Şehit eşi Hasret öğretmen, kızı ve öğrencileriyle hayata tutunuyor

"Yasımı yaşamadım"

Şehit eşi Hasret öğretmen, kızı ve öğrencileriyle hayata tutunuyor




Şehit eşi Hasret öğretmen, kızı ve öğrencileriyle hayata tutunuyor

Öğretmen Hasret Kılıç, "Anne olarak öğretmen olmak kesinlikle büyük bir avantaj. Şehit eşi öğretmen olmak da o çocukların büyüyeceğini, bu vatana iyi hizmetler yapacağını düşünerek işinizi, görevinizi yapıyorsunuz." dedi.

İsmihan Özgüven / AA

Fırat Kalkanı Harekatı kapsamında 2017'de Suriye'nin kuzeyindeki Bab bölgesinde terör örgütü DEAŞ ile yaşanan çatışmada şehit olan uzman çavuş Gökhan Kılıç'ın geride bıraktığı öğretmen eşi Hasret Kılıç, kızı ve öğrencileriyle acısını unutmaya çalışıyor.

Eşinin şehit olmasından yaklaşık üç hafta sonra anne olacağını öğrenen Hasret öğretmen, şu an 4 yaşında olan kızı Zeynep Hüma ve öğrencileri sayesinde hayata tutunuyor.

Psikolojik danışman ve rehber öğretmen olarak 7 yıldan bu yana görev yapan Hasret Kılıç, henüz baba kavramının ne demek olduğunu bile bilmeyen kızı Zeynep ve öğrencilerinin en iyi şekilde yetişmesi için mücadele ediyor.

Şehit Zeki Dağ İlkokulunda görev yapan Hasret Kılıç (29), AA muhabirine, henüz 3,5 aylık evliyken eşinin Bab bölgesinde terör örgütü DEAŞ ile yaşanan çatışmada şehit olduğunu anımsattı.

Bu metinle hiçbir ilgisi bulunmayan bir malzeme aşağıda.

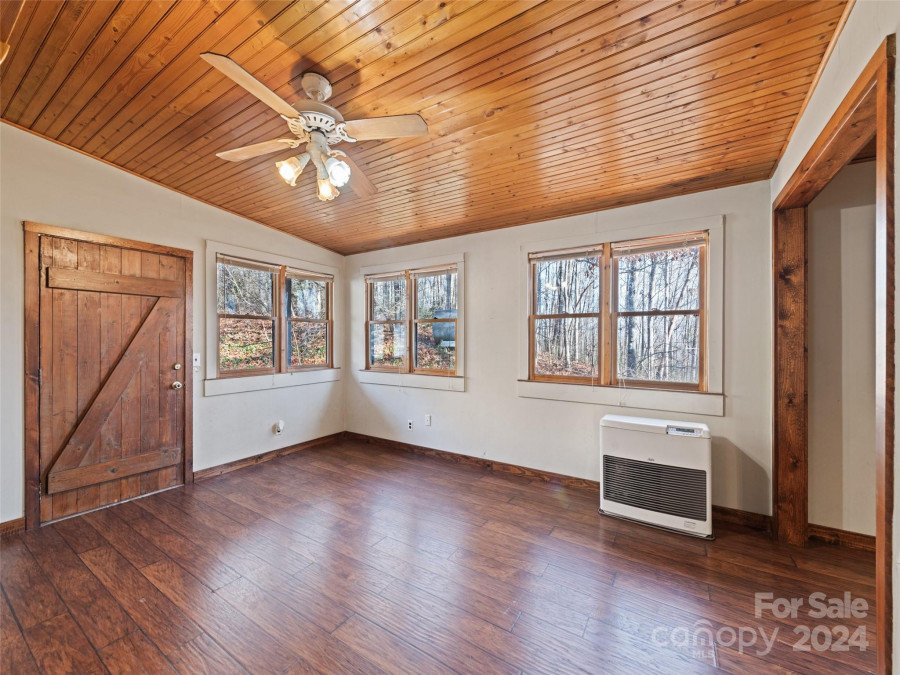 160 Sandsridge Way Waynesville, NC 28785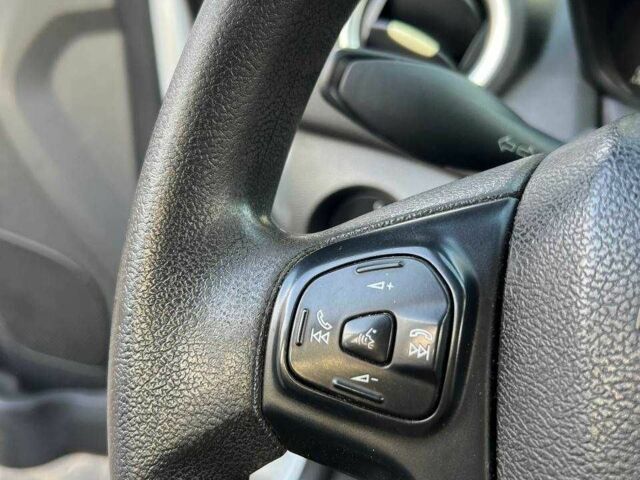 Белый Форд Фиеста, объемом двигателя 1.6 л и пробегом 67 тыс. км за 7700 $, фото 13 на Automoto.ua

O zamanlar Ceyhan ilçesinde bir lisede görev yaptığını anlatan Kılıç, acı haberin ardından adeta dünyasının karardığını aktardı.

"Yasımı yaşamadım"

Henüz acısının taze olduğu günlerde hamile olduğunu öğrendiğini dile getiren Kılıç, "Ben özellikle Zeynep Hüma'nın doğacağını öğrendikten sonra yasımı yaşamadım. Eşim şehit olduktan birkaç ay sonra hemen göreve döndüm. Zor bir süreçti ama bir şekilde ayakta durmak zorundayız. Yasımı yaşamadım, benim bir emanetim vardı ve onu en iyi şekilde dünyaya getirmek ve büyütmekle yükümlüydüm." diye konuştu.

Kılıç, zor günlerde dünyaya getirdiği bebeğiyle hayata daha sıkı tutunduğunu ve onun sayesinde kendini güçlü hissettiğini anlattı.

Görevine bir ilkokulda eşini kaybetmesinden birkaç ay sonra başladığını aktaran Kılıç, şöyle devam etti:

"İlk aşamada biraz zordu. Ciddi bir problemin içerisindeyim bana gelenlerse benim gözümde daha kolay çözülebilir şeylerdi. İlk aşamada anlamakta zorluk yaşadım, ama okulda olmak, öğrencilerle birlikte olmak benim daha iyi ve kolay iyileşmemi sağladı. çalışmak ve bir şeylere adapte olmak beni daha iyi yaptı. Çocuğum doğduktan sonra bir süre ücretsiz izin almıştım. Tekrar döndüğümde benim için daha iyi olmuştu, işimi severek yaptığım için kolay adapte oldum. Anne olduktan sonra çocuklara bakış açım daha da farklılaştı. Çocuklarla bir şeyler konuştuğum zaman 'evet benim çocuğum da bunu yaşayabilir' mantığıyla yaklaştım. Anne olarak öğretmen olmak kesinlikle büyük bir avantaj. Şehit eşi öğretmen olmak da o çocukların büyüyeceğini, bu vatana iyi hizmetler yapacağını düşünerek işinizi, görevinizi yapıyorsunuz, saygılı bireyler yetiştirmek için çabalıyoruz."

Hasret Kılıç, öğretmenliği çok sevdiğini, okulda öğrencilerle bir arada olmanın kendisini mutlu ettiğini söyledi.

"Zeynep babanın olmadığı bir dünyaya geldi"

Kızı Zeynep'in henüz babasının eksikliğinin farkında olmadığını ifade eden anne Kılıç, şunları kaydetti:

"Şehitlik sürekli gittiğimiz, ziyaret ettiğimiz bir yer. Zeynep orayı biliyor ama orada babası olduğunu henüz fark edemedi. Çünkü Zeynep doğduğunda babanın olmadığı bir dünyaya geldi. Dede, anneanne, dayı ve annenin olduğu bir evde büyüdü o yüzden babanın eksikliğini fark etmedi. Şehitliğe gidiyoruz evet oralarda dolanıyor, dolaşıyor ama henüz hiçbir şeyin farkında değil."